WINCHESTER has been named as one of the most stress-free cities for commuting motorists.
In a survey that tracked people’s journeys across 49 cities, it was revealed that commuters travel at 19.99mph, whilst neighbouring Southampton was exposed as one of the 10 most gridlocked — with traffic there moving just 2mph quicker than in the heart of London, at an average 12.64mph.
Thursdays are the worst days to travel in Southampton, while Fridays are judged to be the worst in Winchester.
The figures were measured by insurance firm Direct Line, and drew on three billion speed and location observations in 20 million miles of data logged by motorists between April 2012 and December last year.

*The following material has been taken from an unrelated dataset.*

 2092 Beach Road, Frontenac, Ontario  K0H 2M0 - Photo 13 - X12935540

Prof Chris Turner, chief executive of Winchester Business Improvement District (BID), said he is pleased about the results.

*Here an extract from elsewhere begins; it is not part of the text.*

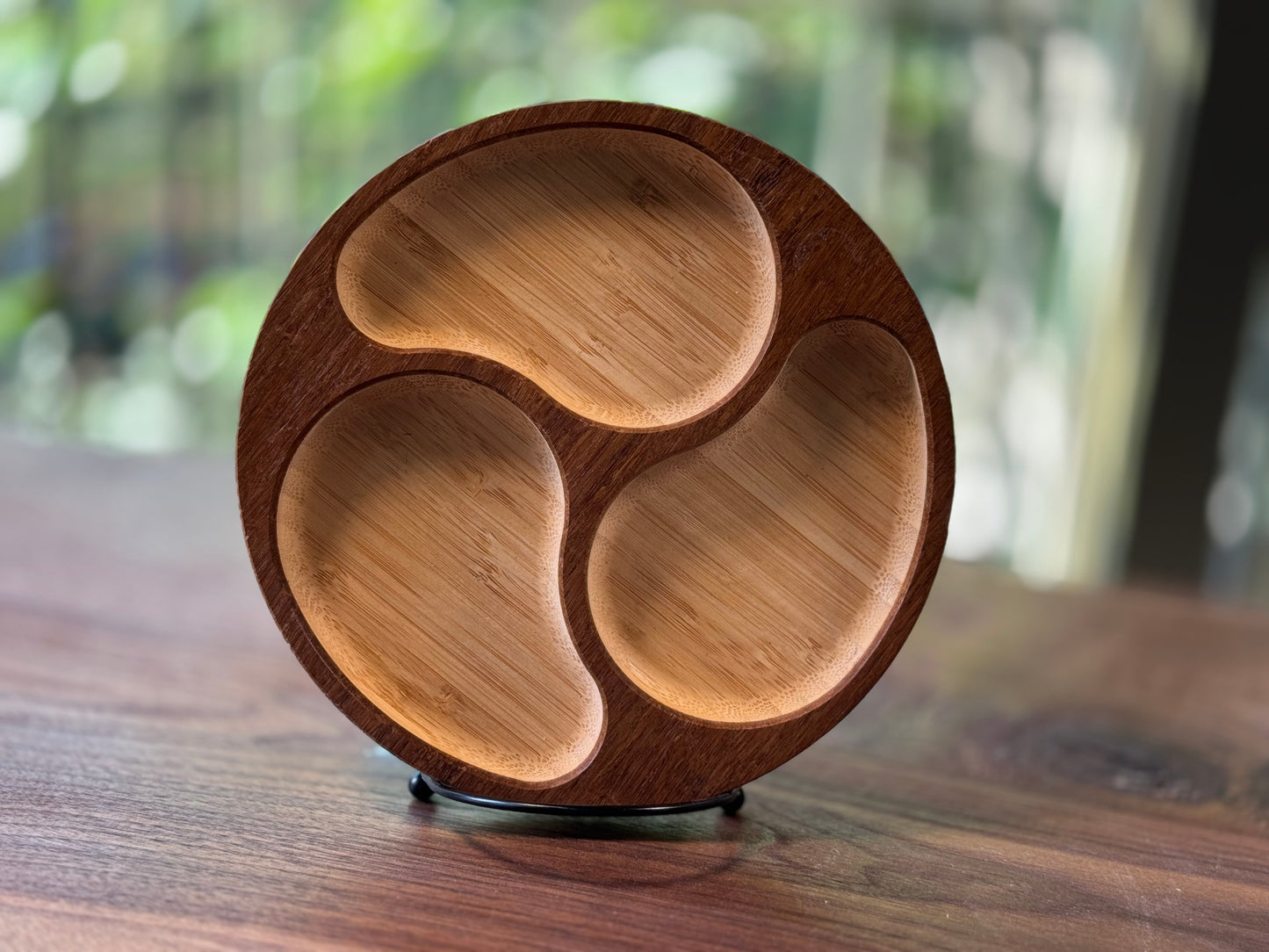 Round Bottom Carved Accessory Tray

“I think people worry far too much about coming in to the city,” he said.
“I think with the new 20mph speed limit and the road traffic plan, although there may be some small problems, the reality is that for a very vibrant and modern city it is actually much easier to get in to the middle of than many others.
“People will think the city they commute in to is appalling, but in comparison to others, Winchester is actually a very pleasant place to drive.”

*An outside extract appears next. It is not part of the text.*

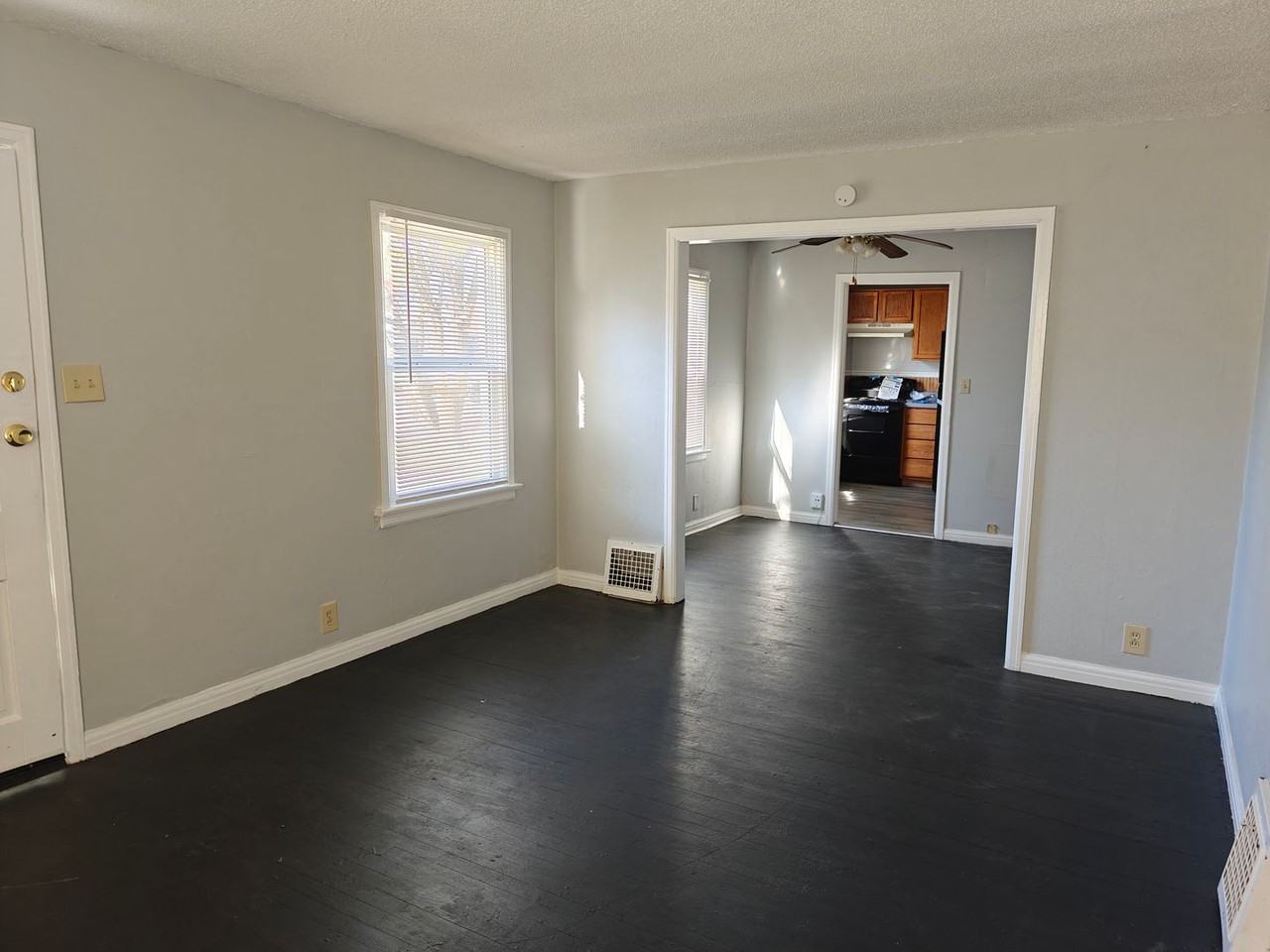 10536 Mortimer Ln - Photo 3 of 9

However, Chris Holloway, director of Winchester Action on Climate Change (WinACC), thinks the survey should have also focussed on other aspects of travel in the city.
“I think they are missing the point,” she said.
“I don’t drive, so I don’t know about that, but the point is how stressful it is to walk, cycle, or get to work by other means.
“We in WinACC don’t want a city that is organised to make life easier for people to drive to work; we want it to be nicer for people living here.
“Just to look at how stressful it is to drive about is pointless.”
Former Winchester City Council transport leader, Cllr Victoria Weston, said: “I think that does show that Winchester is not as congested as it is constantly reported as.
“It’s important to talk about the 20mph scheme we are doing — I think that makes this more viable.”